Supreme Court hearing on energy projects draws large crowd

(Demonstrators outside of the Supreme Court of Canada Wednesday.)

APTN National News
When Cedar Parker was in Seattle for Black Friday he says someone tried to rob him leaving him bruised and with cuts on his face.

Parker said Prime Minister Justin Trudeau is trying to do rob him, too.

“The government is trying to rob me …of my future for a material object,” said Parker, a member Tsleil-Waututh Nation in B.C., of the Trudeau government’s approval of two pipelines Tuesday.

The thug in Seattle may have roughed him up but Parker is more frightened by Trudeau.

He was among dozens of demonstrators Wednesday at the Supreme Court of Canada rallying in support of two cases being heard at the country’s highest court.

The Supreme Court is hearing arguments on a case that could lead to a major overhaul of the way the federal government consults Indigenous communities on energy projects.

Two cases are to be heard together to essentially settle an argument: Does the National Energy Board (NEB) execute the Crown’s duty to consultation with Indigenous communities through its public consultation process?

The Chippewas of the Thames First Nation in Ontario and the Inuit community of Clyde River in Nunavut argue it doesn’t. The NEB approved both projects.

The NEB is not a Crown agent, but part of the executive branch of the federal government, and makes recommendations to Ottawa on whether energy projects should proceed. The federal cabinet then gives final approval.

In the case of the Chippewas, located near London, Ont., they opposed Enbridge’s interest in expanding and reversing the flow on a large portion of an existing oil pipeline that stretches approximately 830 km from Sarnia, Ont. to Montreal, Que. The section of pipeline in question is known as Line 9B, and was constructed in 1975.

In Nunavut, the NEB approved Petroleum Geo-Services to conduct seismic testing in the waters of Baffin Bay and Davis Strait off the coast of Baffin Island in Nunavut.

The testing would happen 24 hours a day, five months per year for five years, something the Hamlet of Clyde River and other interested parties oppose.

Residents feel the testing is harmful to marine mammals, including narwhal, ringed seal and the bowhead whale – something the Inuit rely on for their food and culture.
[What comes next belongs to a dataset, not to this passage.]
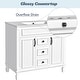 preview thumbnail 7 of 25, 36" Bathroom Vanity with Top Sink, Mirror Cabinet, Modern Bathroom Storage Cabinet with 2 Soft Closing Doors and 2 Drawers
Wednesday’s rally was planned weeks in advance but was strengthened by Trudeau approving two pipeline expansion projects coming out of Alberta – Kinder Morgan’s Trans Mountain from Alberta to Burnaby, B.C. and Enbridge’s Line 3 from Hardisty, Alta., through Neche, ND, to Superior, Wis.

Trudeau rejected Enbridge’s proposed Northern Gateway project, which would also have moved bitumen from Alberta to the B.C. coast.

Protests are already being planned by environment and climate activists, as well as First Nations and Indigenous people who oppose the expansions.

Tsleil-Waututh has vowed to stop the Trans Mountain expansion.